211 Peserta Tasyakuran DIROSA Soppeng, Hj Suarni: Jangan Berhenti Belajar Al-Qur’an

211 Peserta Tasyakuran DIROSA Soppeng, Hj Suarni: Jangan Berhenti Belajar Al-Qur’an


Soppeng, Kabartujuhsatu.news, Semangat belajar Al-Qur’an tidak mengenal batas usia. Sebanyak 211 peserta mengikuti Seminar Al-Qur’an dan Tasyakuran DIROSA Angkatan VII Tahun 2026 di Aula Gedung Serbaguna Lapatau, Kabupaten Soppeng, Ahad (20/9/2026).

Kegiatan yang digelar Unit Khidmatul Qur’an Muslimah DPD Wahdah Islamiyah Soppeng tersebut menjadi bentuk syukur sekaligus apresiasi bagi para peserta yang telah menyelesaikan proses pembelajaran Al-Qur’an melalui metode Pendidikan Al-Qur’an Orang Dewasa (DIROSA).

Ketua Tim Penggerak PKK Kabupaten Soppeng, Hj. Suarni Suwardi, hadir sekaligus membuka kegiatan. Para peserta datang dari berbagai kelompok usia, mulai dari anak sekolah hingga lanjut usia.

Dalam sambutannya, Hj. Suarni menegaskan bahwa menyelesaikan pembelajaran Al-Qur’an bukanlah garis akhir. Justru, momentum tersebut harus menjadi titik awal untuk membangun kedekatan yang lebih kuat dengan Al-Qur’an.

“Jadikan wisuda ini bukan sebagai akhir dari perjalanan, tetapi sebagai awal dari persahabatan yang lebih dekat dengan Al-Qur’an,” pesannya.

Menurutnya, belajar Al-Qur’an membutuhkan perjuangan dan keistiqamahan. Kesibukan sehari-hari, khususnya bagi perempuan yang menjalankan banyak peran dalam keluarga dan masyarakat, tidak seharusnya menjadi alasan untuk berhenti belajar.

Perjuangan itu, kata dia, bisa dimulai dari hal sederhana. Menyisihkan waktu untuk membaca mushaf, mengulang bacaan yang belum lancar, hingga tetap hadir dalam majelis ilmu di tengah berbagai kesibukan.

“Tidak ada kata terlambat untuk menjadi lebih baik,” ujarnya.

Hj. Suarni juga menyampaikan apresiasi kepada seluruh peserta DIROSA, para ustadzah dan pengajar, keluarga, serta pihak-pihak yang telah ikut membuka ruang bagi masyarakat untuk terus belajar Al-Qur’an.

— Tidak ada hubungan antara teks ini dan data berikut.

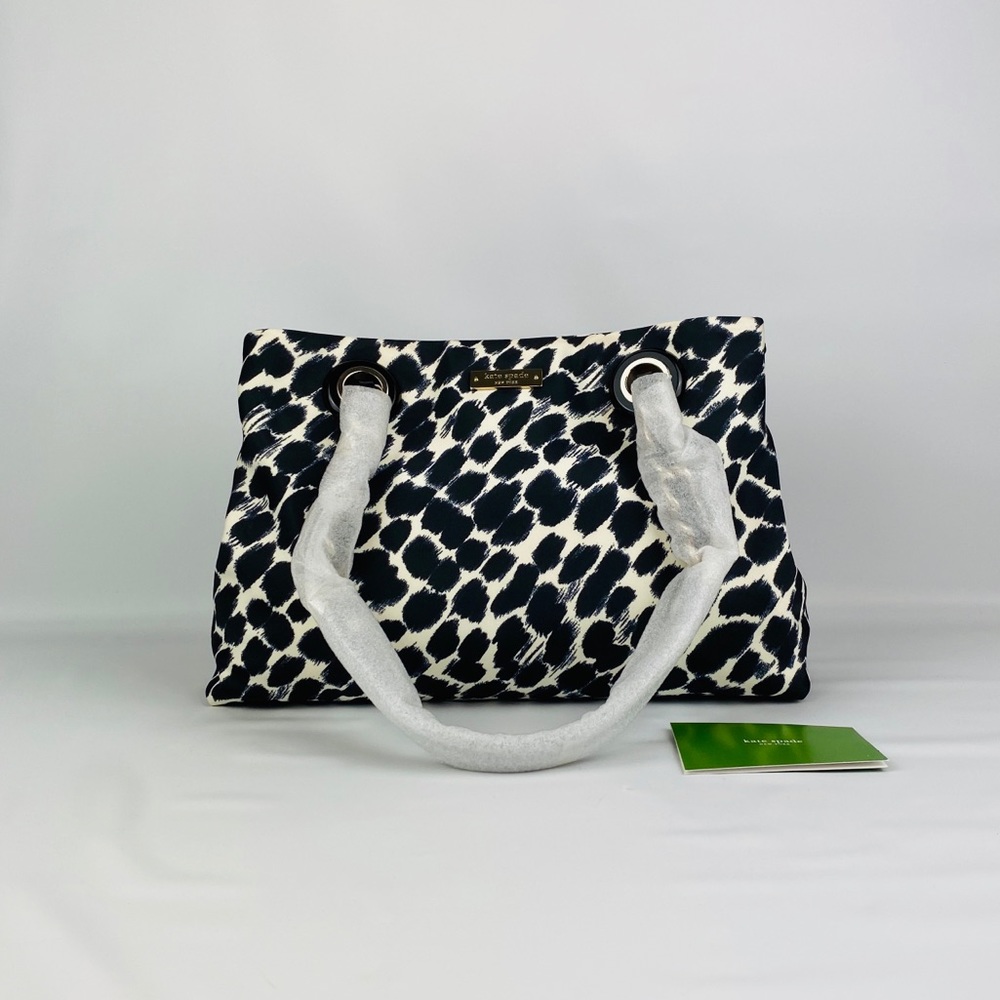 NWOT Kate Spade Streetcar Darya Leopard Handbag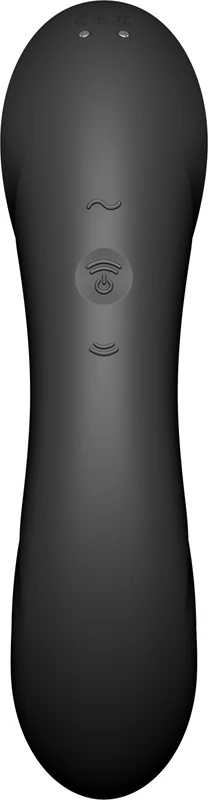 Вибратор Satisfyer Curvy TRINITY 4 са стимулатором клитора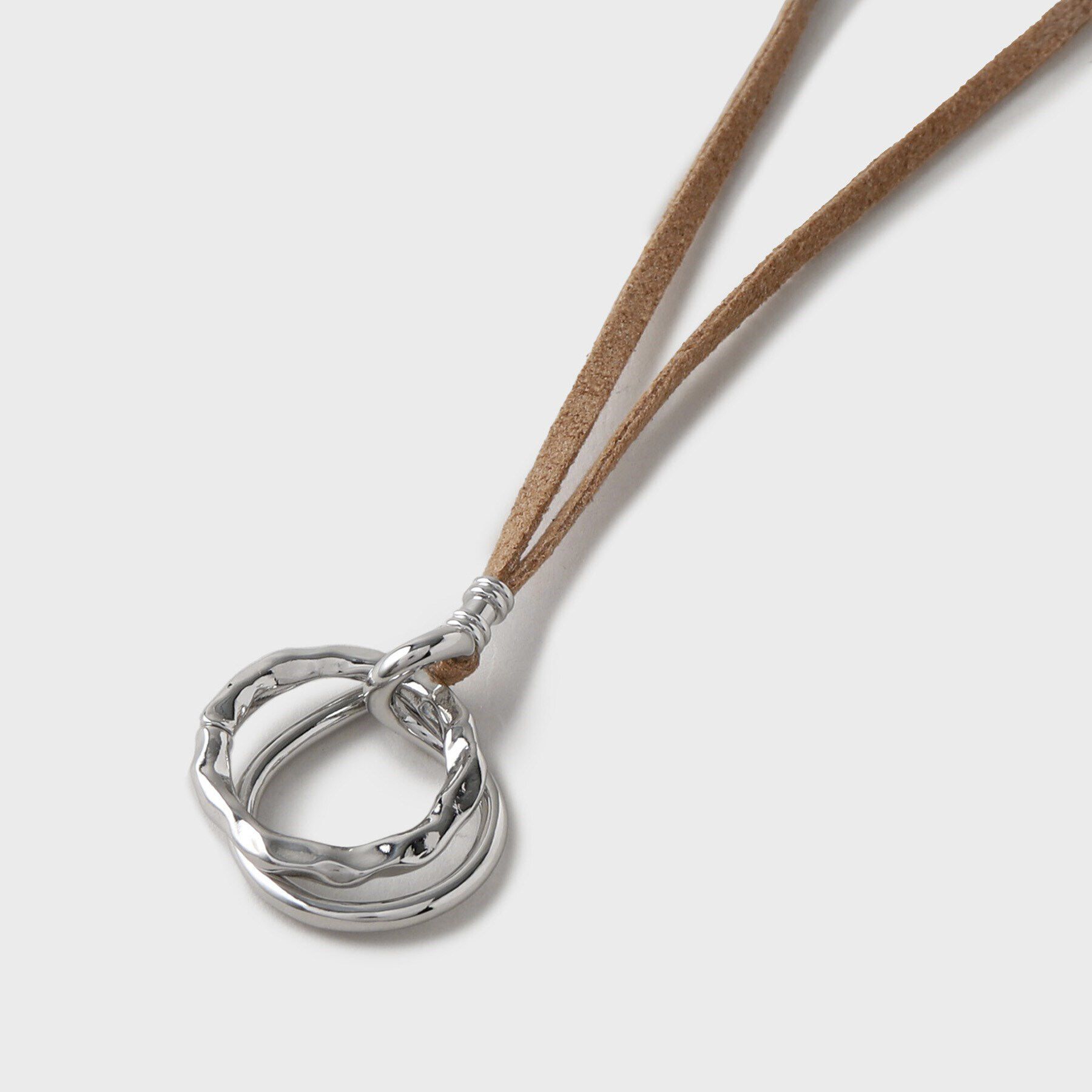 TAKEO KIKUCHI「DROP グラスホルダーネックレス」|ネックレス|グレー(516)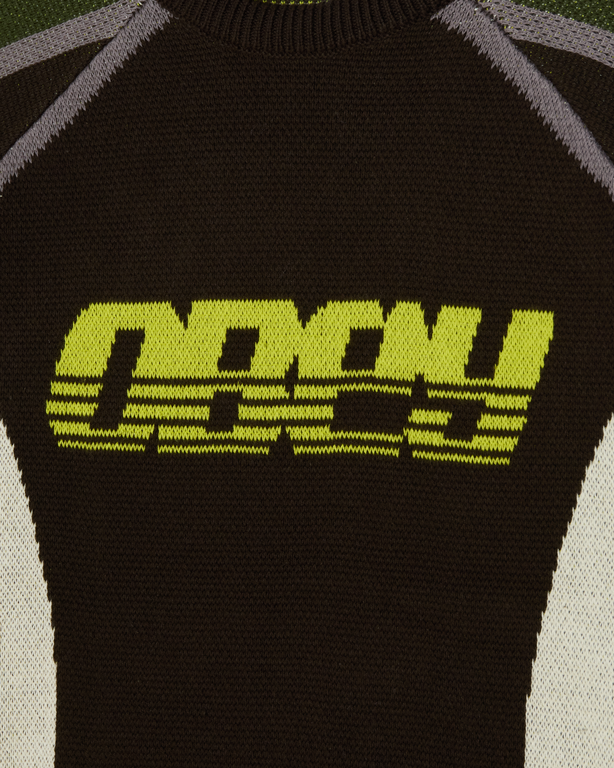 OBEY OBEY Estadio Sweater Brown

Selain tasyakuran, peserta mendapat pembekalan melalui seminar bertema “Bersama Al-Qur’an dalam Harmoni Cinta dan Perjuangan” yang disampaikan Ustadzah dr. Hj. Marlina Since, S.Ked.

Dalam materinya, Marlina mengajak peserta menjadikan Al-Qur’an bukan hanya sebagai bacaan, tetapi sebagai petunjuk dalam menjalani kehidupan.

Kecintaan terhadap Al-Qur’an, menurutnya, tidak cukup hanya dengan mampu membaca. Kecintaan itu perlu diwujudkan melalui proses membaca, mempelajari, memahami, menghayati, mengamalkan, mengajarkan, hingga mengajak orang lain mencintai Al-Qur’an.

Peserta juga diingatkan agar kemampuan membaca Al-Qur’an yang diperoleh melalui DIROSA dapat tercermin dalam perilaku sehari-hari, kehidupan keluarga dan interaksi sosial di tengah masyarakat.

Marlina turut menekankan pentingnya meneladani Rasulullah ﷺ dalam berinteraksi dengan Al-Qur’an, termasuk menghafal, mempelajari, mengamalkan, mengajarkan dan menyampaikannya kepada umat.

Tasyakuran DIROSA Angkatan VII akhirnya tidak sekadar menjadi seremoni penyelesaian pembelajaran. Sebanyak 211 peserta diharapkan menjadikan momentum tersebut sebagai awal untuk terus memperbaiki bacaan, memperdalam pemahaman dan mengamalkan nilai-nilai Al-Qur’an dalam kehidupan.

Dari anak sekolah hingga lanjut usia, kegiatan tersebut memperlihatkan bahwa kesempatan untuk belajar Al-Qur’an selalu terbuka di setiap fase kehidupan.